5. Ces six catégories de dommages environnementaux concernaient : le bois sur pied, d’autres matières premières (fibres et énergie), la régulation des gaz et de la qualité de l’air, l’atténuation des risques naturels, la formation du sol et la lutte contre l’érosion, et enfin la biodiversité, du point de vue de l’habitat et du renouvellement des populations7. Dans son arrêt, la Cour a jugé que deux de ces six catégories de dommages n’étaient pas susceptibles d’indemnisation, à savoir celle relative à l’atténuation des risques naturels et celle relative à la formation du sol et à la lutte contre l’érosion. De mon point de vue, les éléments de preuve soumis par le demandeur à l’appui de deux des quatre catégories de dommages reconnues par la Cour n’emportaient pas non plus la conviction (il s’agit des deux catégories concernant les matières premières et la biodiversité).
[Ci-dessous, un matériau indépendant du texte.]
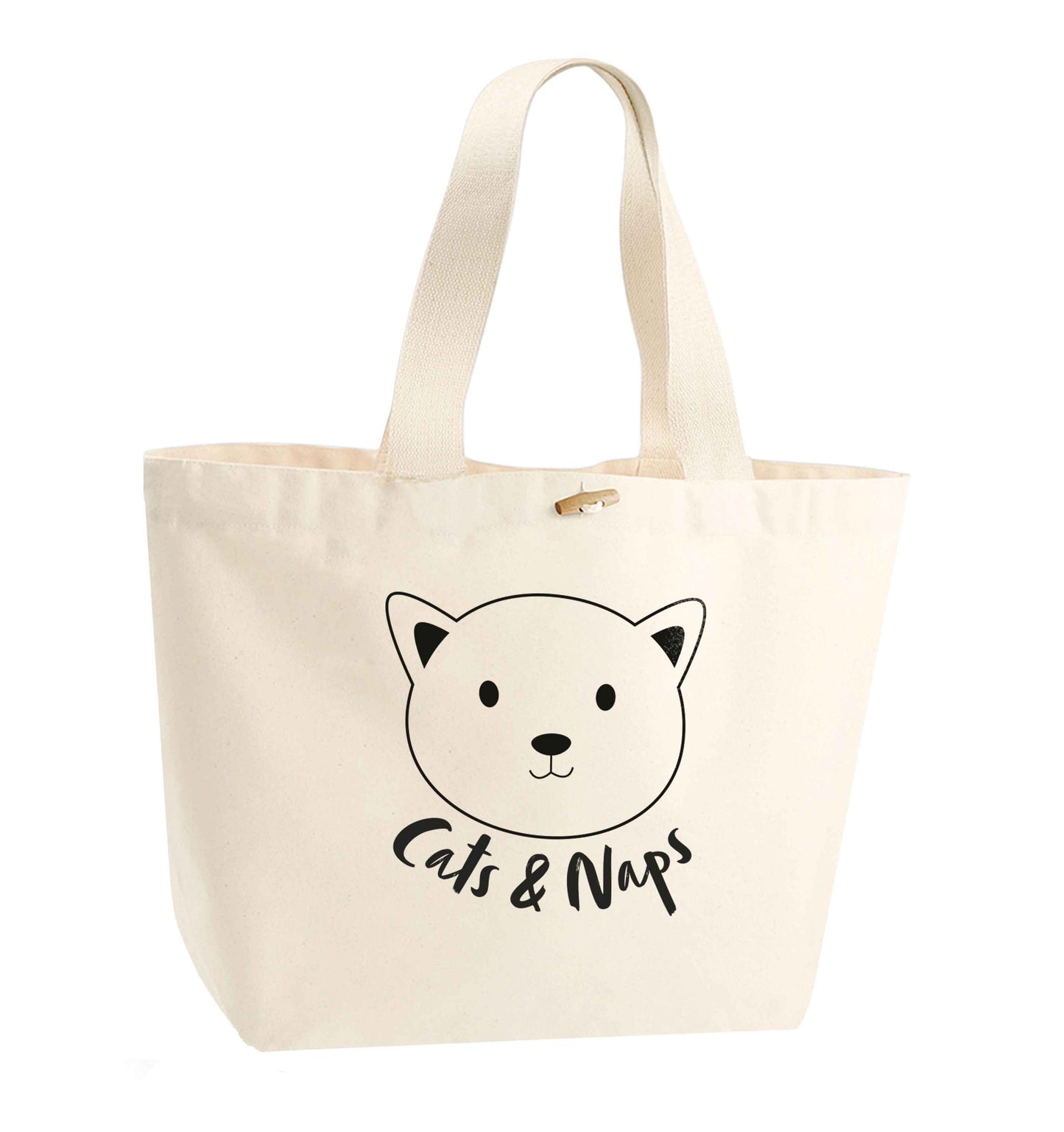 Cats and naps Kit organic cotton premium tote bag with wooden toggle in natural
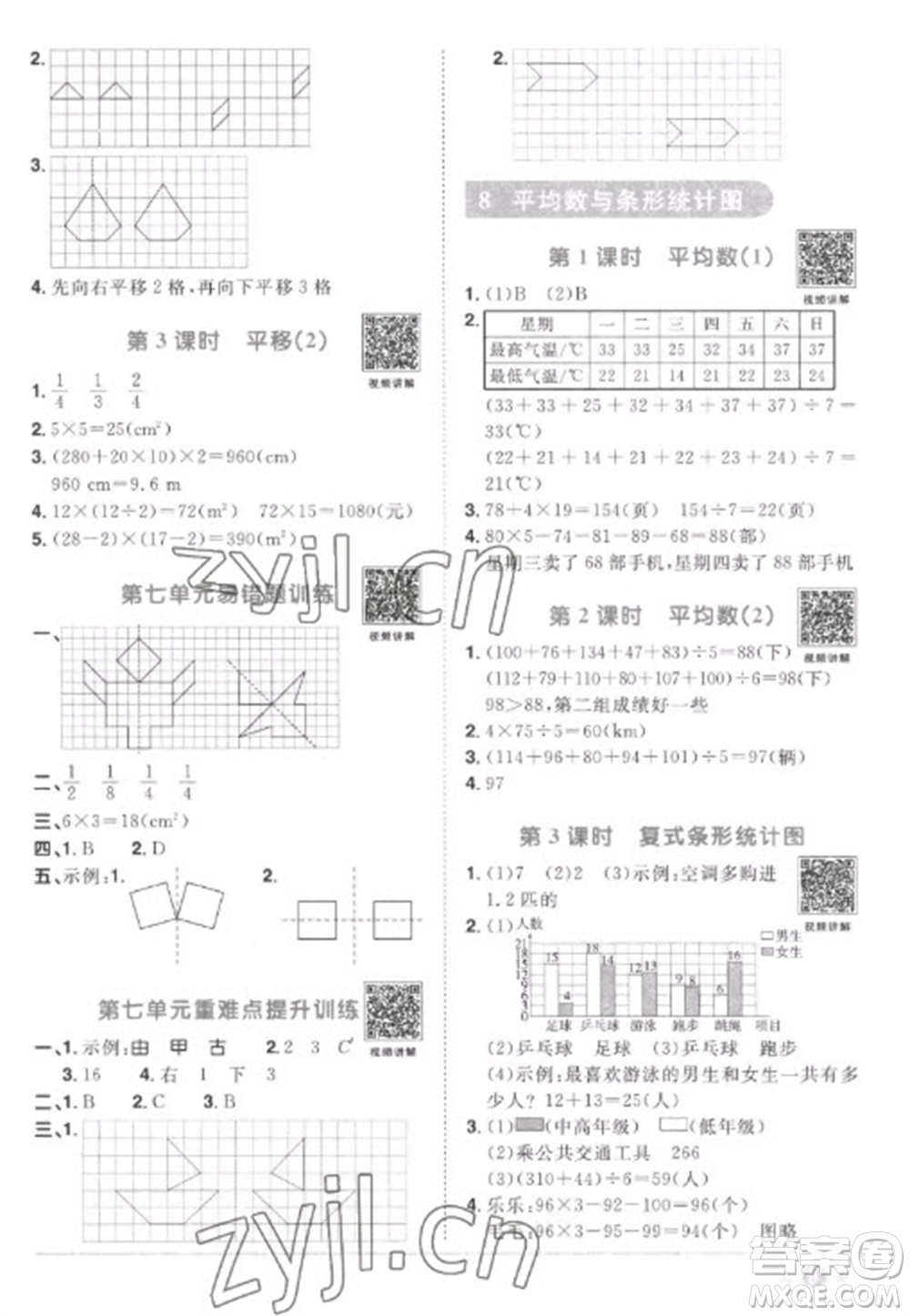 江西教育出版社2023陽光同學(xué)課時(shí)優(yōu)化作業(yè)四年級數(shù)學(xué)下冊人教版菏澤專版參考答案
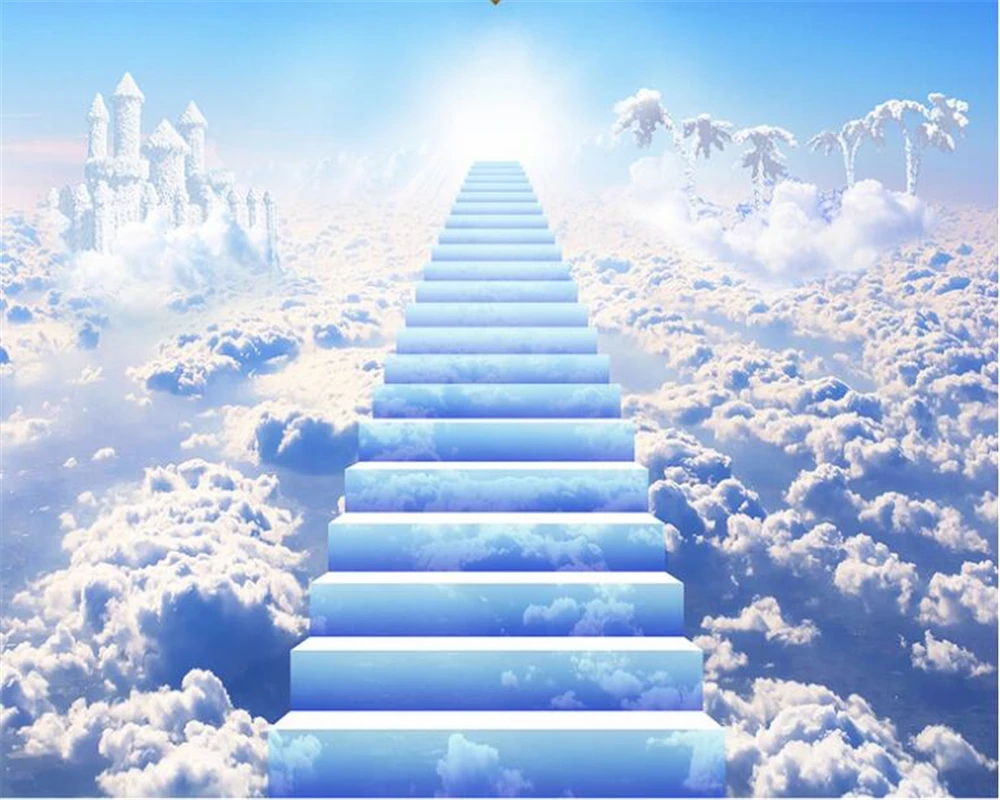 Beibehang Interior superior wallpaper cielo flor nubes blancas escalera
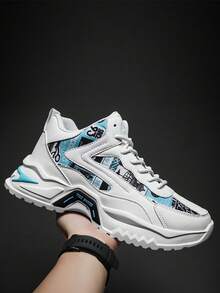 男士时尚高帮厚底休闲鞋，系带学院风，舒适、耐用、简约、百搭 - 白藍 - 查看 4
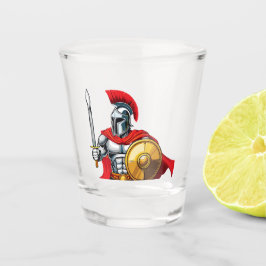 warrior holding sword and shield ready for battle shot glas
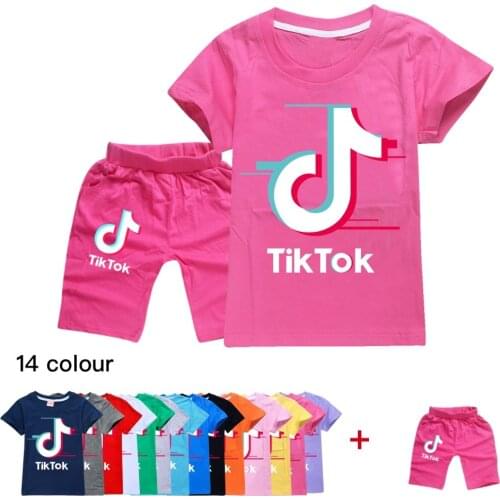 TIK TOK Girls Outfits Toddler Boys Clothing Set Boutique Kids Baby Girls Clothes Cartoon Short Sleeve Suits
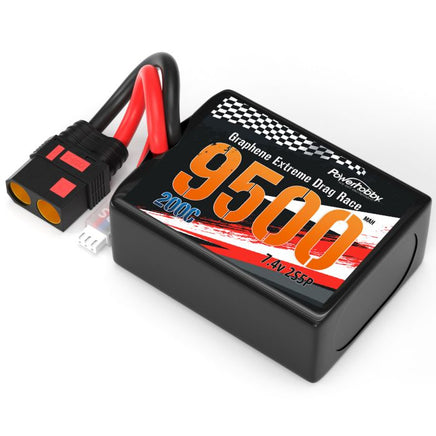 Power Hobby - 2S 9500MAH 200C Drag Lipo Battery Pack 2S5P w/8AWG Wire QS8 Plug - Hobby Recreation Products
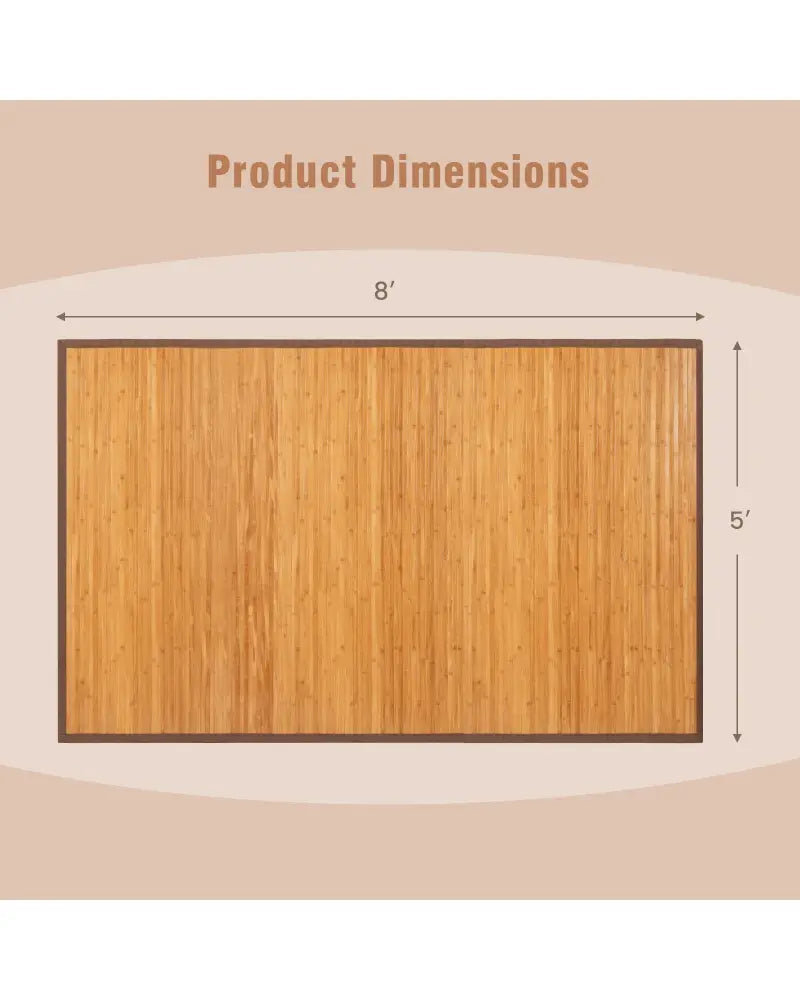 5 x 8 Feet Bamboo Floor Mat with Anti-Slip Backing for Living Room Bedroom - Rugs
6. Pour établir l’existence des dommages en question, la Fundación Neotrópica, dont le Costa Rica a produit le rapport, a tiré des déductions générales d’études relatives à d’autres écosystèmes qui n’étaient pas nécessairement transposables à la partie septentrionale d’Isla Portillos.
S’agissant, par exemple, des matières premières :
La première étude (Camacho-Valdez et al. (2014)) a été établie à partir d’une base de données agrégeant les résultats d’études concernant diverses parties du monde. Ses auteurs se sont servis de ces informations générales pour attribuer une valeur à différents types de sol ; cependant, ils n’ont pas précisé quel type de sol ils ont attribué à Isla Portillos, ni les raisons pour lesquelles ces valeurs générales sont selon eux transposables à l’écosystème concerné en l’espèce.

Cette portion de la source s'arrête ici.